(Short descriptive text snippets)
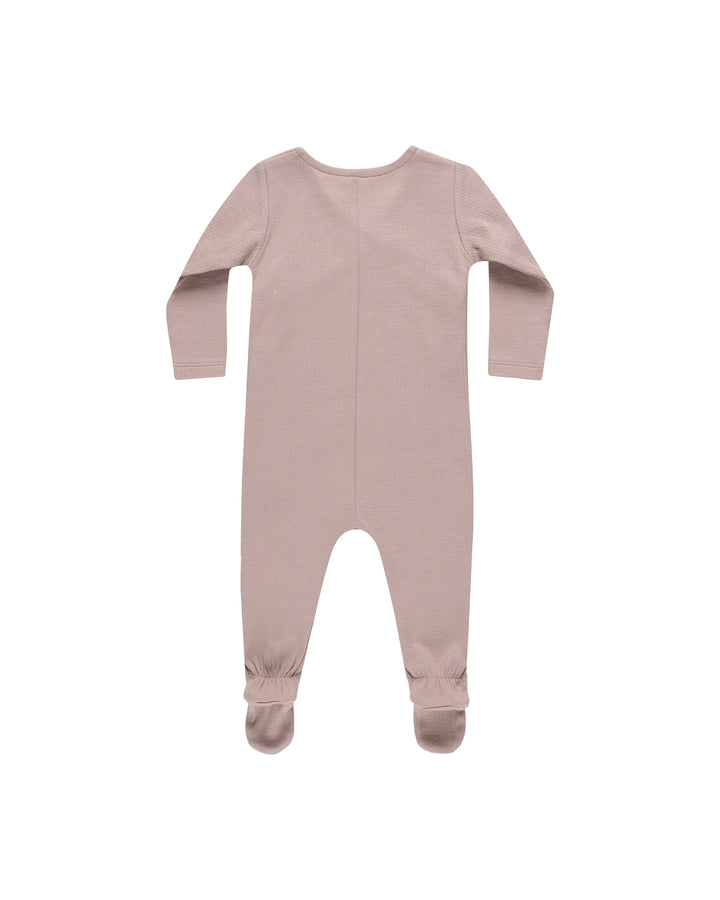 Pointelle Mauve Wrap Footie by Quincy Mae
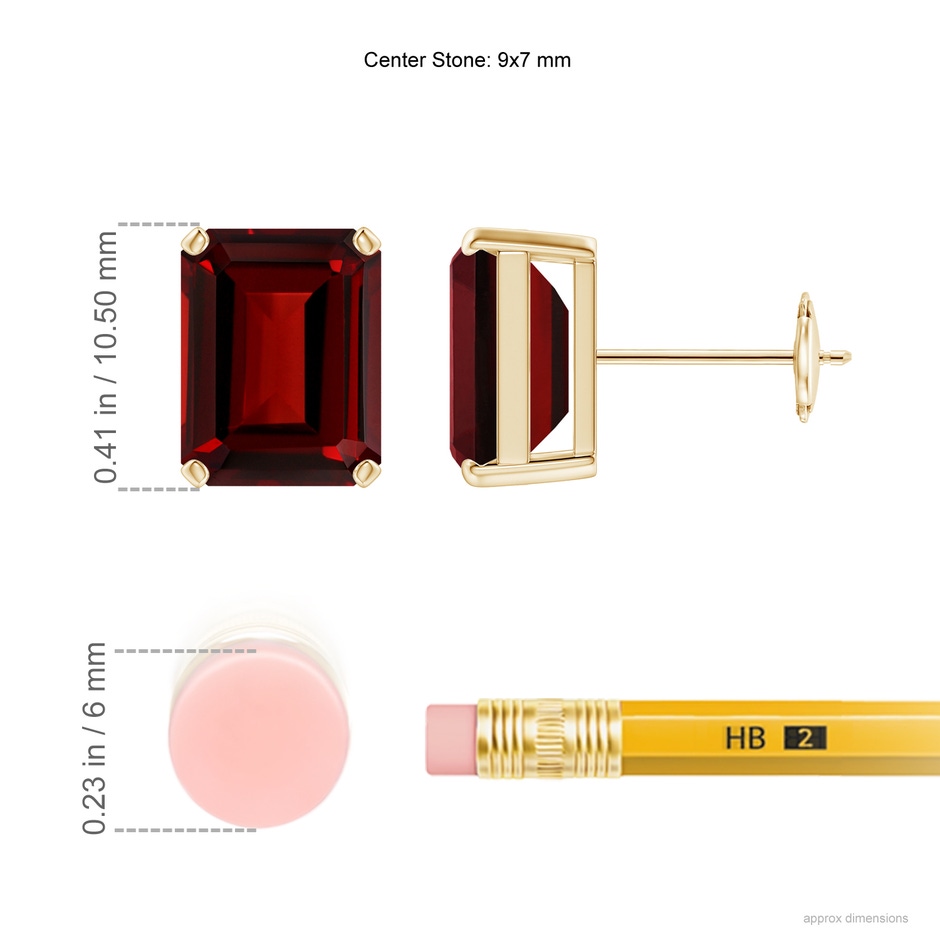 9x7mm AAAA Prong-Set Emerald-Cut Garnet Solitaire Stud Earrings in 9K Yellow Gold ruler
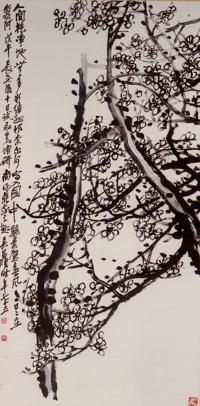 呉昌碩の墨梅図軸の画像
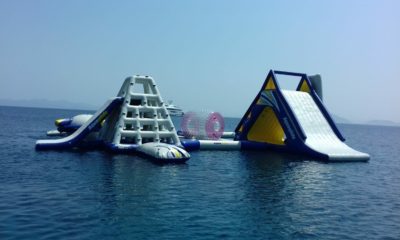 Lüks yata deniz ortasında su parkı kurdular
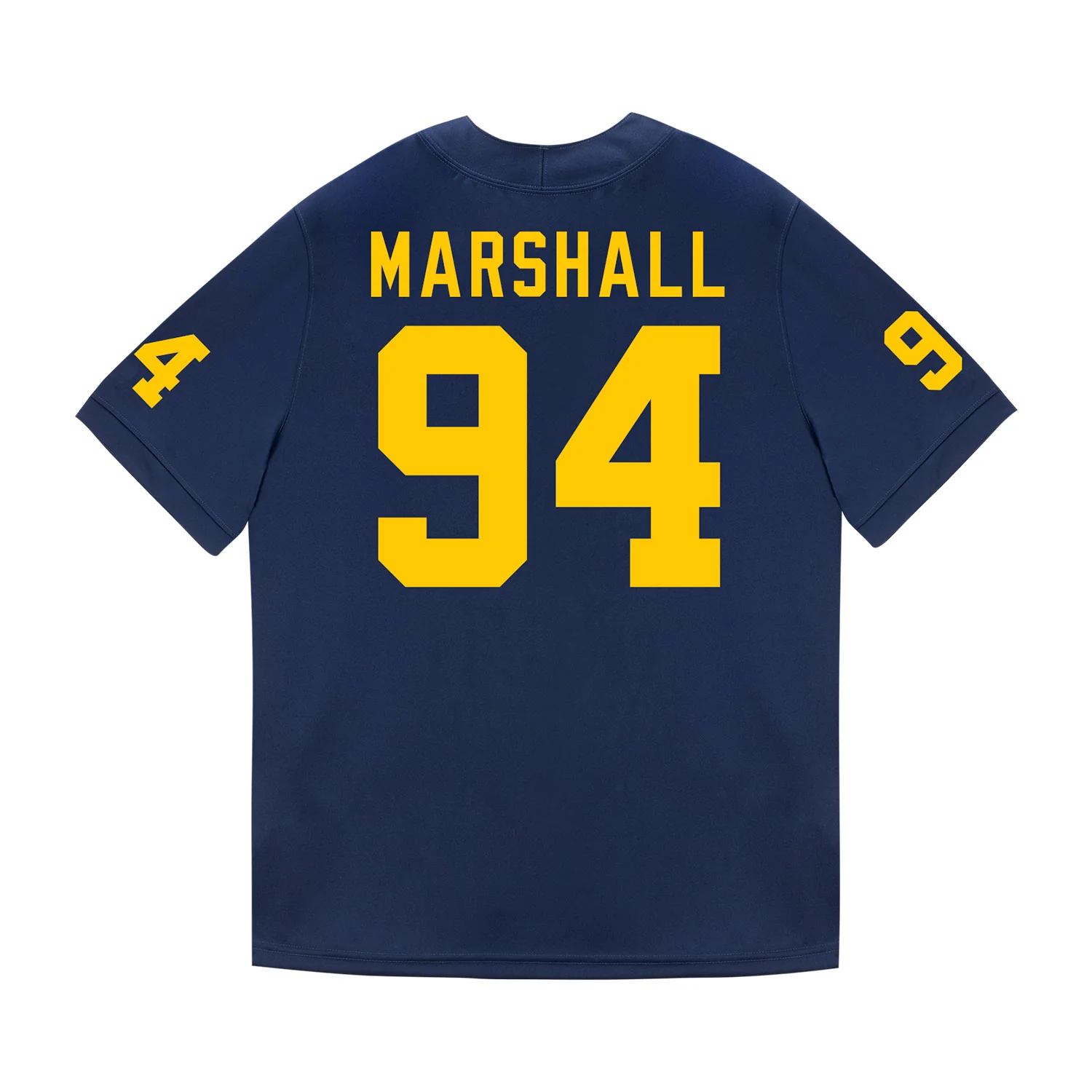 Michigan Wolverines #94 Nate Marshall Student Athlete Blue Football Jersey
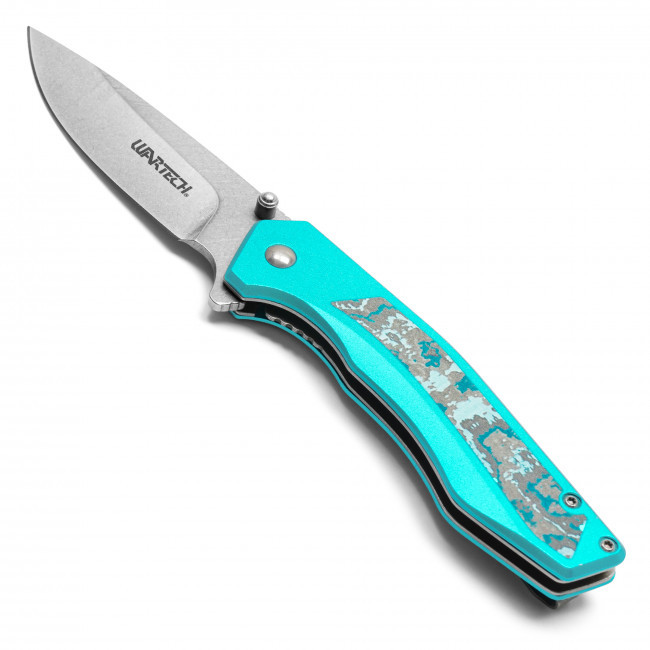 7.75" Blue Marble Pocket Knife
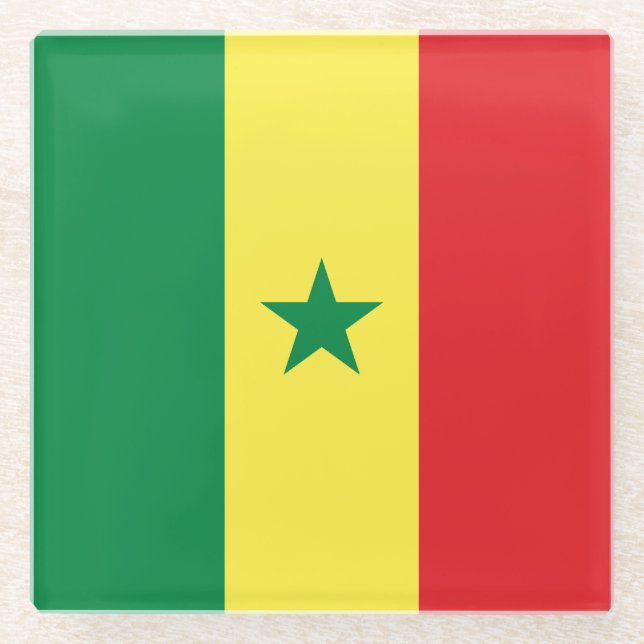 Senegal-Flagge Glasuntersetzer (Vorderseite)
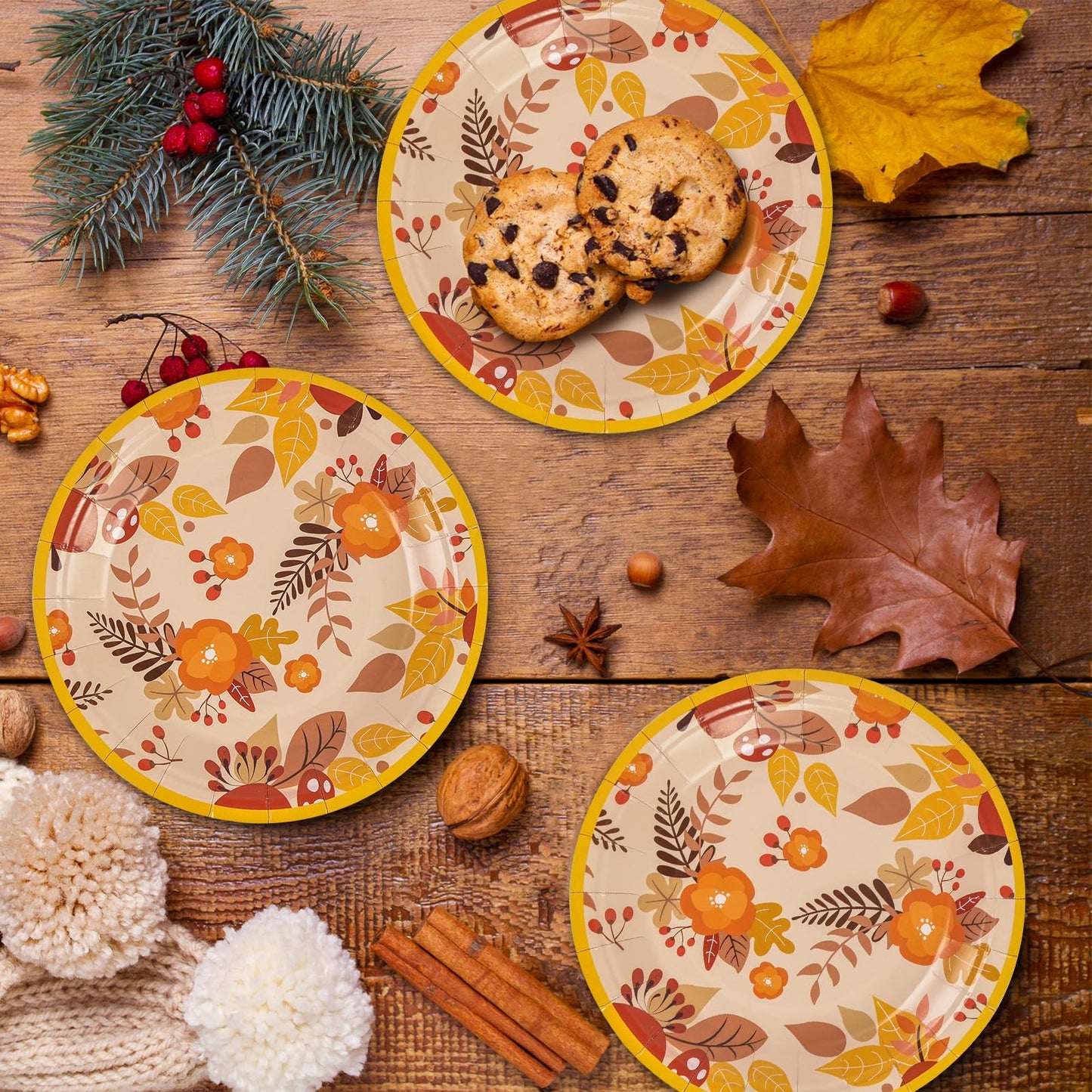 50 Pack Fall Paper Plates,7inch Disposable Fall Maple Leaf Paper Dinner Party Plates for Thanksgiving Birthday Holiday Family Gatherings Parties (Maple Leaf)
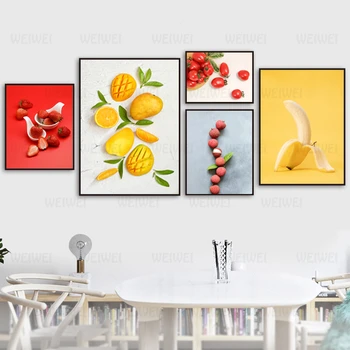 

Fresh Nordic Posters And Prints Strawberry Banana Mango Lychee Tomato Canvas Painting Wall Art Pictures For Kitchen Restaurant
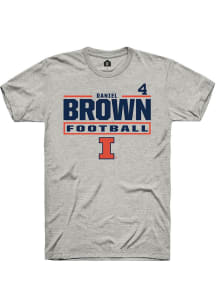 Daniel Brown  Illinois Fighting Illini Ash Rally Football NIL Stacked Box Short Sleeve T Shirt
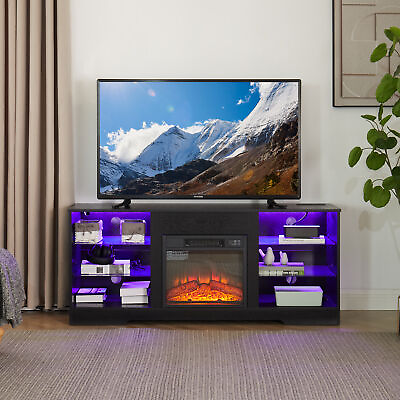 #ad LED TV Stand Cabinet For Up To 65quot; TV Entertainment Center w Electric Fireplace $263.90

## Activity
Return every entry above exactly. Pictures stay out.

## Answer to the exercise
 Pointelle Mauve Wrap Footie by Quincy Mae
 9x7mm AAAA Prong-Set Emerald-Cut Garnet Solitaire Stud Earrings in 9K Yellow Gold ruler
 呉昌碩の墨梅図軸の画像
 Lüks yata deniz ortasında su parkı kurdular
 Michigan Wolverines #94 Nate Marshall Student Athlete Blue Football Jersey
 7.75" Blue Marble Pocket Knife
 Senegal-Flagge Glasuntersetzer (Vorderseite)
 50 Pack Fall Paper Plates,7inch Disposable Fall Maple Leaf Paper Dinner Party Plates for Thanksgiving Birthday Holiday Family Gatherings Parties (Maple Leaf)

Fresh Nordic Posters And Prints Strawberry Banana Mango Lychee Tomato Canvas Painting Wall Art Pictures For Kitchen Restaurant
 Daniel Brown  Illinois Fighting Illini Ash Rally Football NIL Stacked Box Short Sleeve T Shirt
 #ad LED TV Stand Cabinet For Up To 65quot; TV Entertainment Center w Electric Fireplace $263.90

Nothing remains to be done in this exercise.